One last farewell, as I crumble to my knees
One last embrace, before I part from thee
One last clutch, of her figure and dress
A headpat she returned, to relieve the stress
An idol I praised, I forged and replaced
I now let go, for the winds she'll chase
In my mind: a guide, an angel, and a saint
But in my heart: a lie, in shambles, and a self-inflicted feint
I mourn farewell to this image that I made
I welcome the flesh that should take her place
Her duty fulfilled, and my goal achieved,
I now sit and remain to find reprieve
One step up the spiral, I reflect on our meeting
Another step up this cycle, and I see her silhouette fleeting
And another and another, until the
past never meets me
Where I now welcome the present, the eternal and infinity
This finally concludes my poems on these spiritual matters. It's been a rough but necessary journey.

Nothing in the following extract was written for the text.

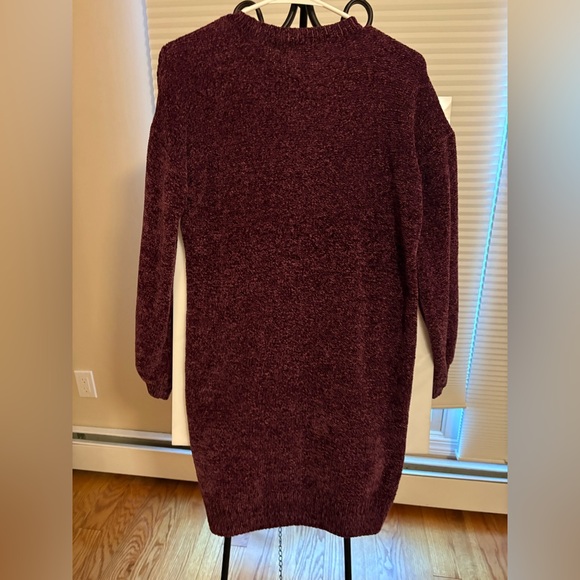 HARLOW & ROSE Plum Purple Textured Knit Soft Comfortable Pullover Sweater Dress - Picture 4 of 4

It's not a end to things, but certainly a new chapter to come. Spending some time away from here did help, and I'll be doing more of that for my own sake. Some anons here have left thoughtful insights for me, and I appreciate that. I did reflect on the ones that mattered. While I have written much beforehand about the recent developments that I'd like to share, it's best not to share it here anymore. All I can say is that I took my meds and touched grass. I still support Taffy through it all, but in a more sobering and level-headed manner. She's my uohshi and always will be. No one comes close. All is well.